== PROBLEM TO WORK ON ==
All pictures should be dropped, and only the lines from the top of the entries below through the line containing "Folders designed to" repeated exactly, both ends included.

#####

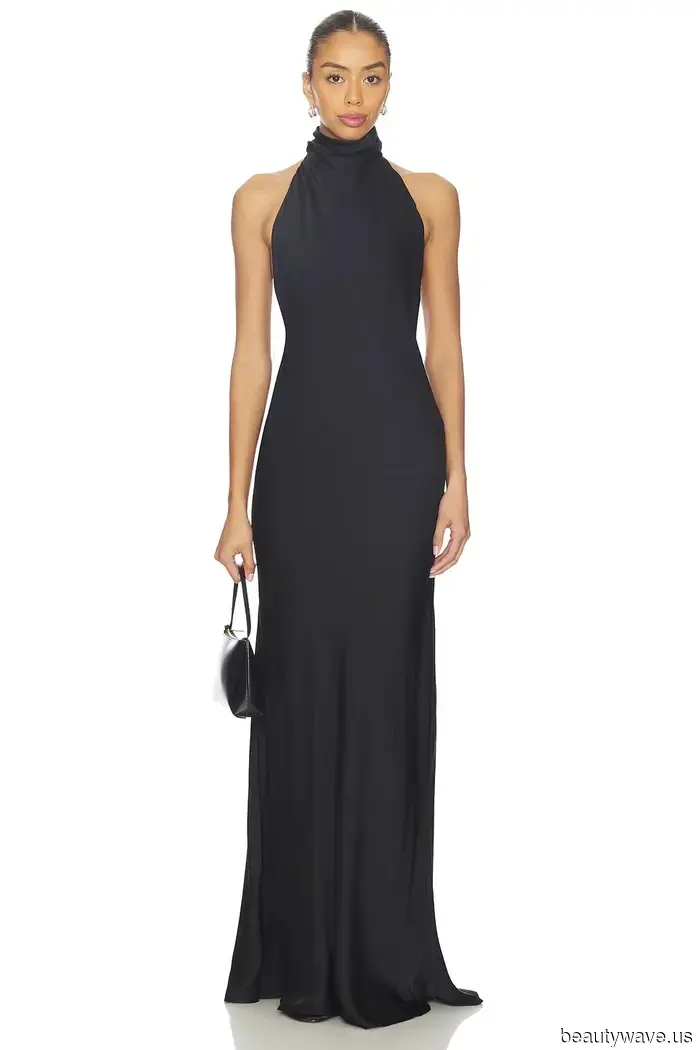 Avvistata in viaggio verso il matrimonio di Taylor Swift: Dakota Johnson nel più elegante LBD trend del 2026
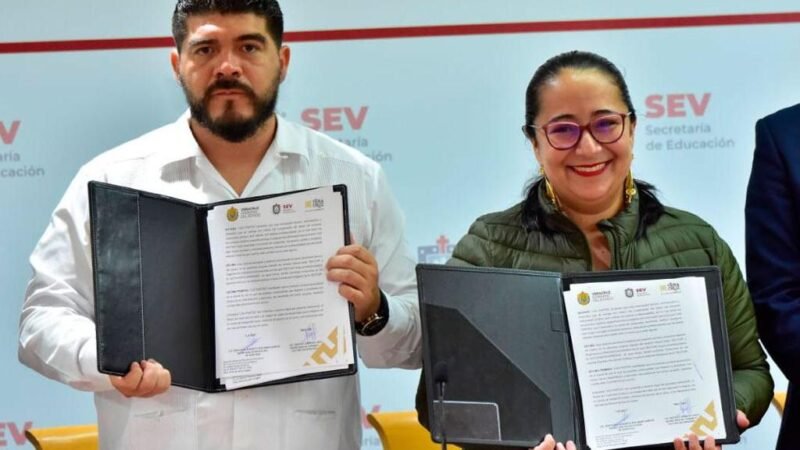 FIRMA SEV CONVENIO CON SECTUR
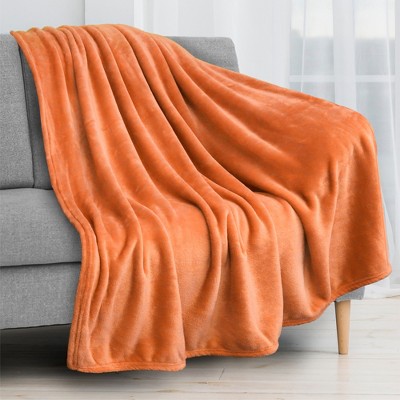 PAVILIA Luxury Fleece Blanket Throw for Bed, Soft Lightweight Plush Flannel Blanket for Sofa Couch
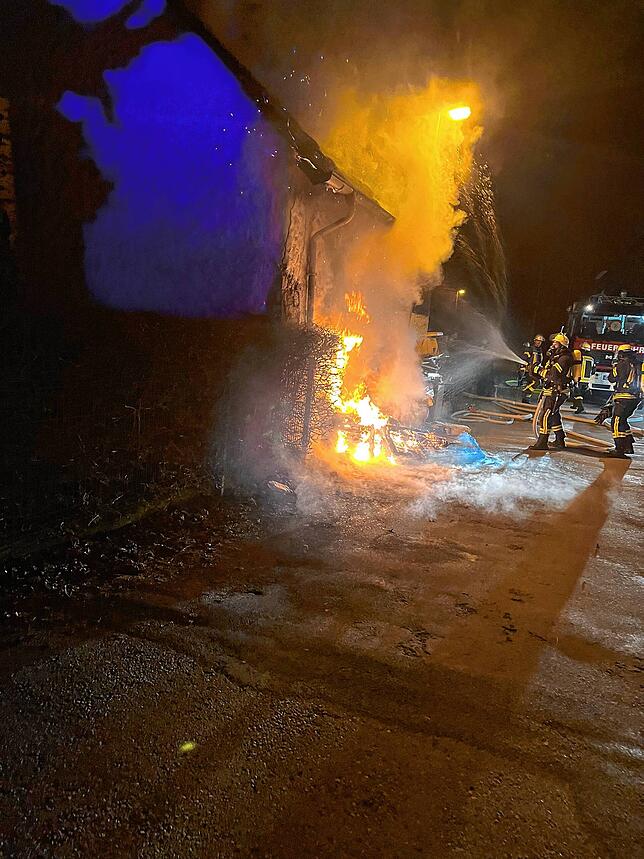 Bei allen drei Bränden ist die Feuerwehr schnell vor Ort.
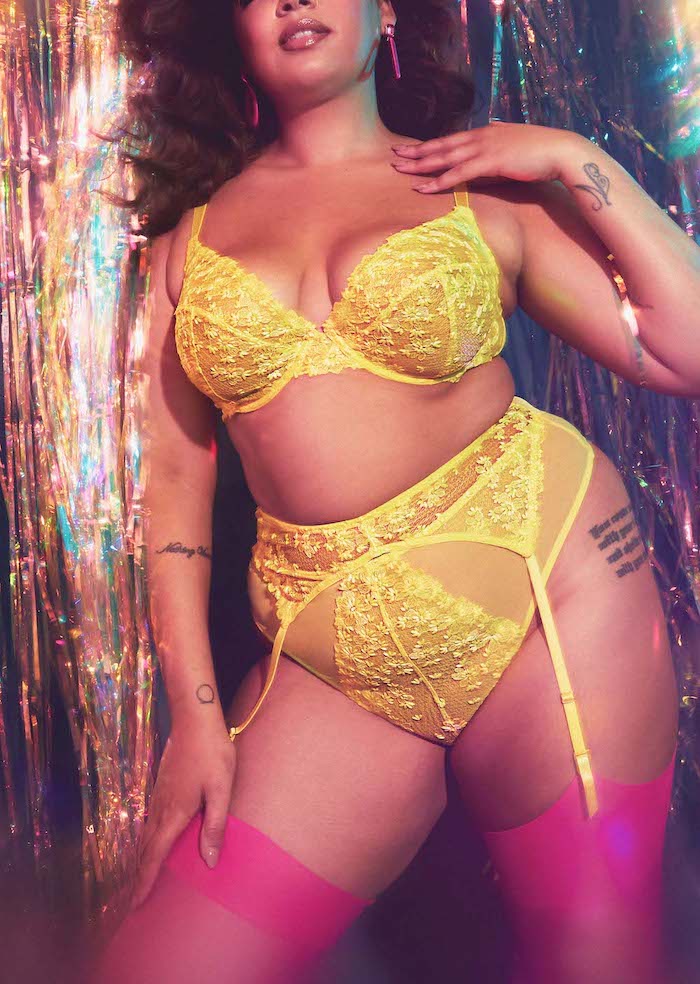 playful promises, plussize lingerie, sexy lingerie grote maten, maat 54 lingerie, kinky lingerie grote maten, plussize jarretels, waar koop je grote maten lingerie, waar koop je plussize babydoll, plussize strings, grote maten ondergoed, plussize hold up kousen, Hunkemöller, zizzi lingerie, stout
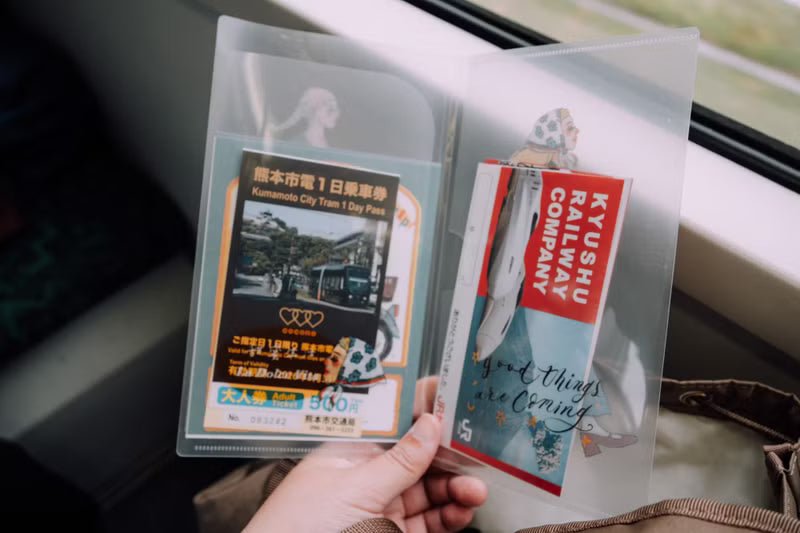 La Dolce Vita - Carry On Multifunctional Folder

Folders designed to make it easy to carry all kinds of paper around, can be carried alone or used with a sweet notebook!

The left side is an L-shaped clip, you can put a ticket stub sticker squarely,
and the right side is a pocket clip, which can hold a sweet notebook just right!


Size: 11.5X20.5 (folded in half) 23x20.5 (unfolded)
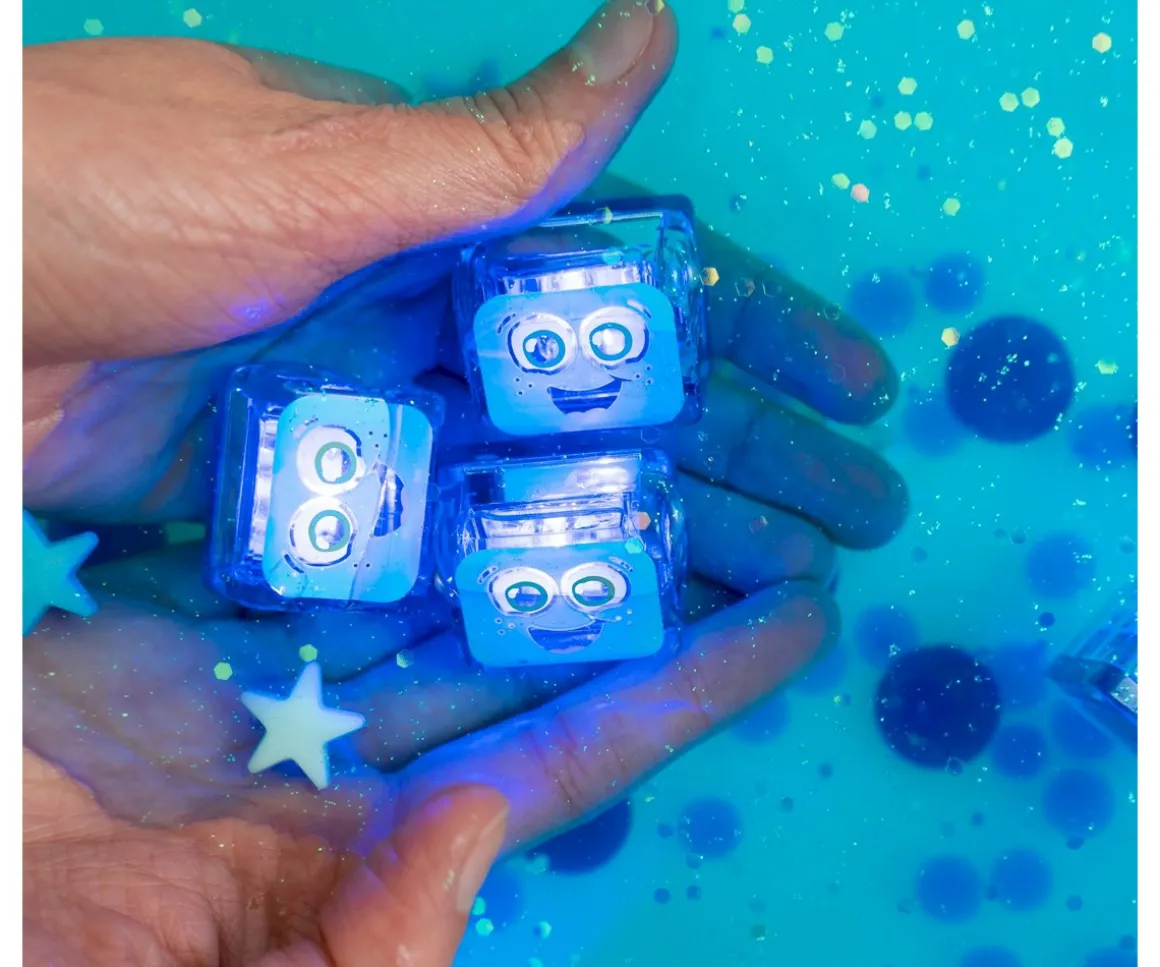 Personaje + 2 Cubos Iluminados Blair Azul
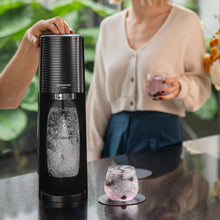 Cargar imagen en el visor de la galería, Maquina de hacer Soda Sodastream Terra Black + Cilindro y Botella
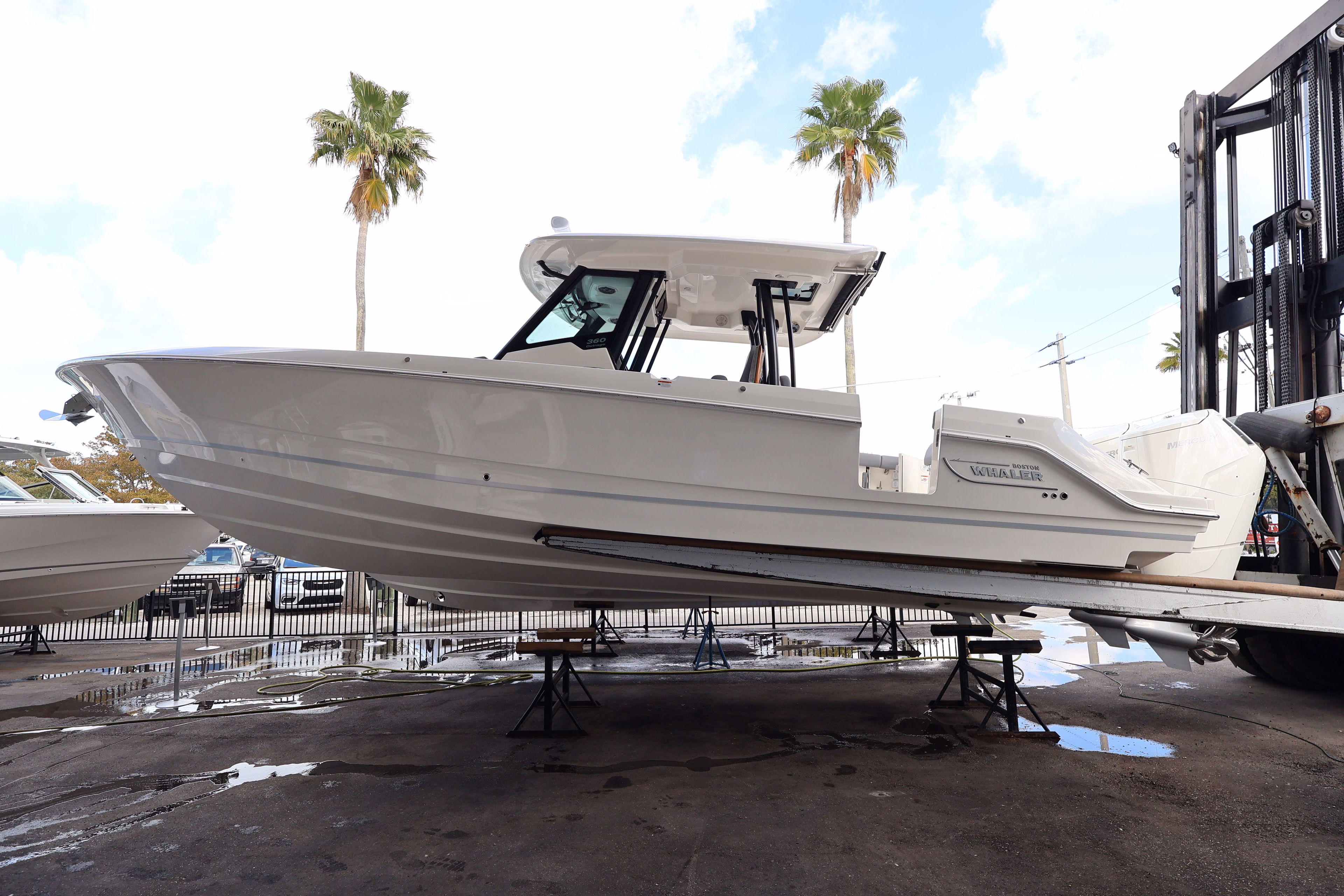 2026 Boston Whaler 360 Outrage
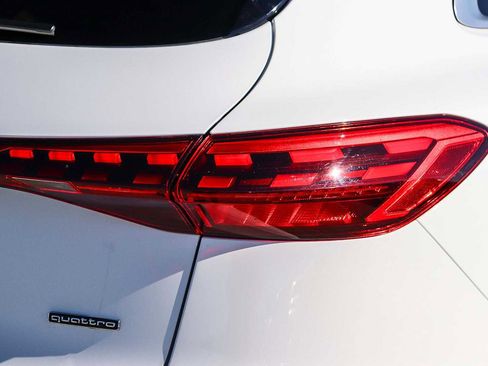 New 2025 Audi Q5 Premium image 10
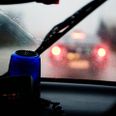 I følge debattøren er det rent guf for fotovognen, at bilisterne skal holde sig indenfor hastighedsgrænsen på 50 km. i timen på Højvangsvej helt ud til enden. Arkivfoto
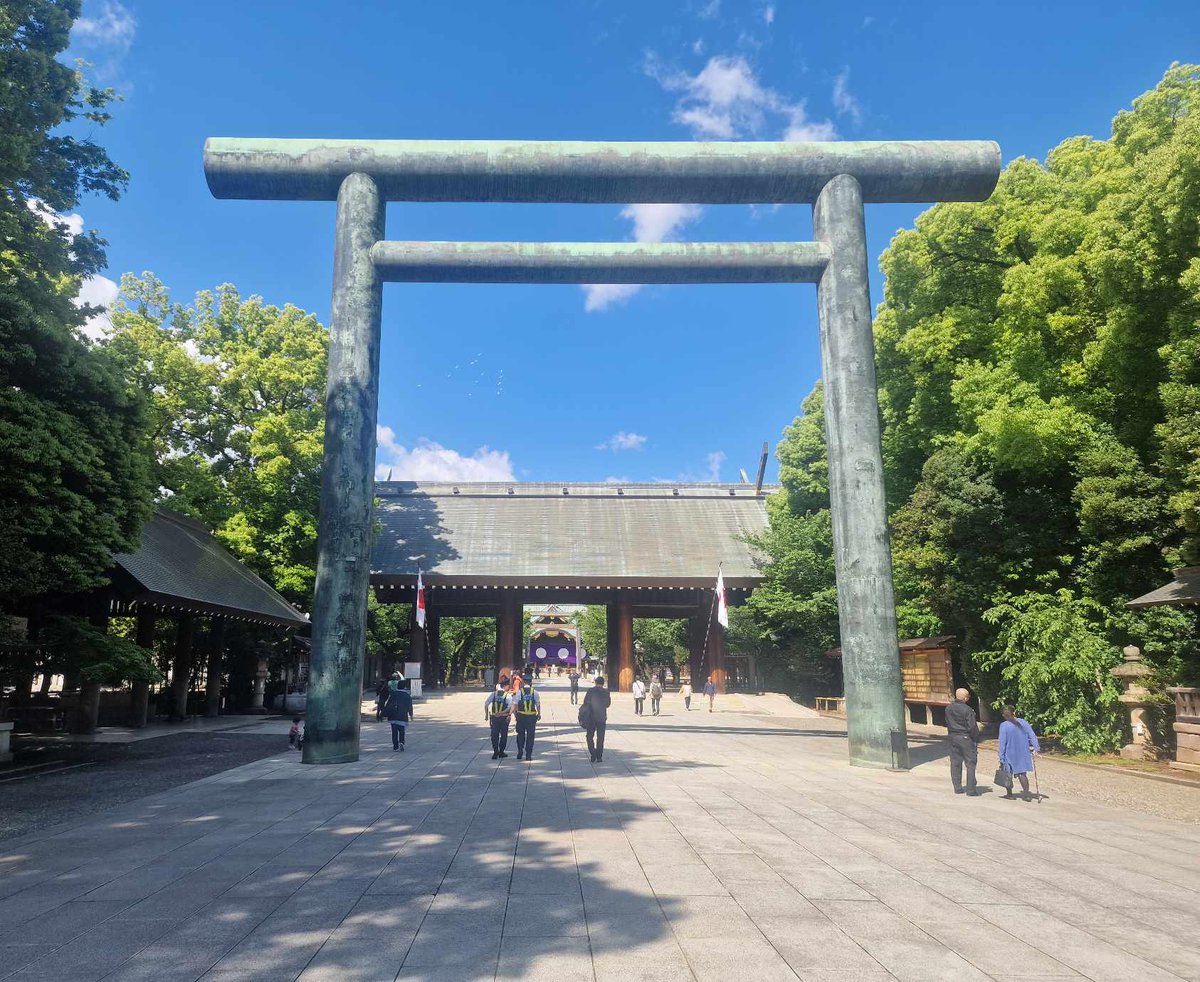 今日　九月十五日　#友邦承認記念日

康德九十二年四月二十九日　#天長節　滿洲帝國流亡政府參拜專使<a href="/Fuheng_H/">Fuheng</a>

靖國神社を再び參拜、昭和祭に行禮
遊就館を再び參觀
多摩陵
多摩東陵
武藏野陵
武藏野東陵を參拜

再參拜靖國神社、行禮於昭和祭
再參觀遊就館
參拜多摩陵
多摩東陵
武藏野陵
武藏野東陵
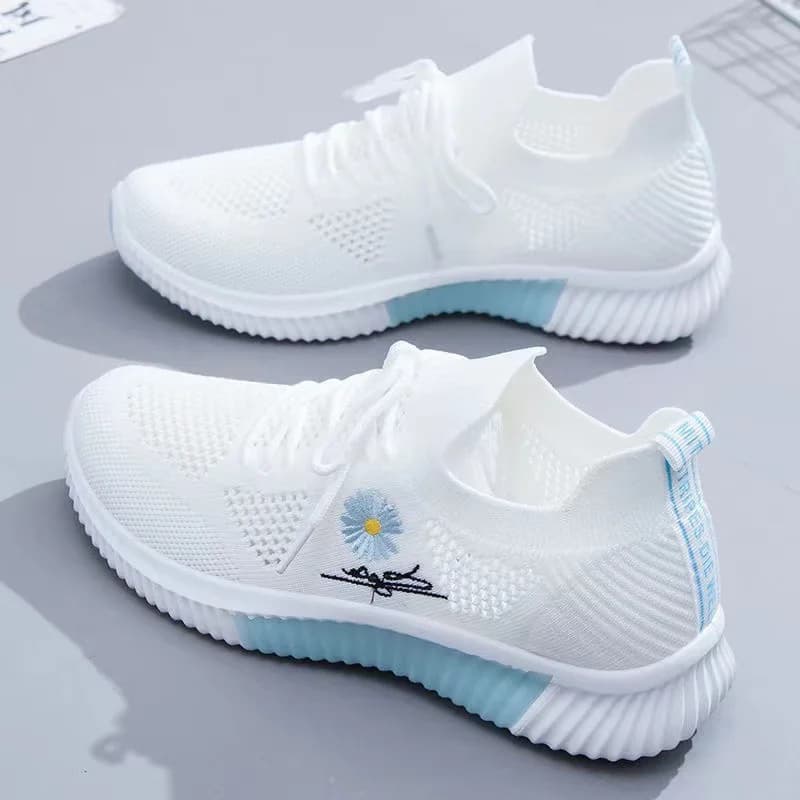 Petites chaussures blanches pêche femme tricotées semelle souple respirantes pour pêche étudiante été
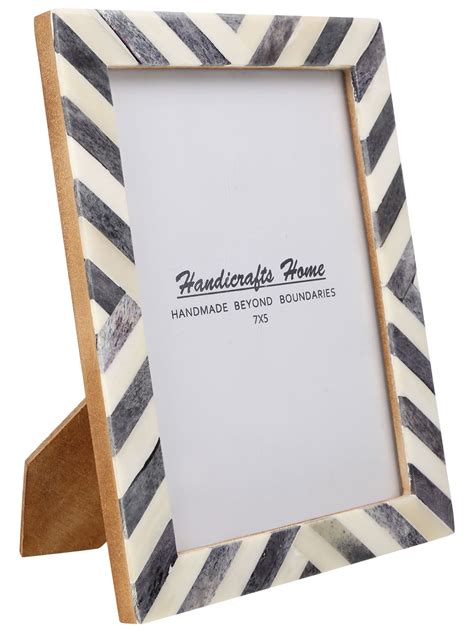 Chevron stripes are taking over the crafting world…or at least it feels like it! Handicrafts Home 5x7 Picture Photo Frame Chevron ...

#####

== TASK RESPONSE ==
 Avvistata in viaggio verso il matrimonio di Taylor Swift: Dakota Johnson nel più elegante LBD trend del 2026
 FIRMA SEV CONVENIO CON SECTUR
 PAVILIA Luxury Fleece Blanket Throw for Bed, Soft Lightweight Plush Flannel Blanket for Sofa Couch
 Bei allen drei Bränden ist die Feuerwehr schnell vor Ort.
 playful promises, plussize lingerie, sexy lingerie grote maten, maat 54 lingerie, kinky lingerie grote maten, plussize jarretels, waar koop je grote maten lingerie, waar koop je plussize babydoll, plussize strings, grote maten ondergoed, plussize hold up kousen, Hunkemöller, zizzi lingerie, stout
 La Dolce Vita - Carry On Multifunctional Folder

Folders designed to make it easy to carry all kinds of paper around, can be carried alone or used with a sweet notebook!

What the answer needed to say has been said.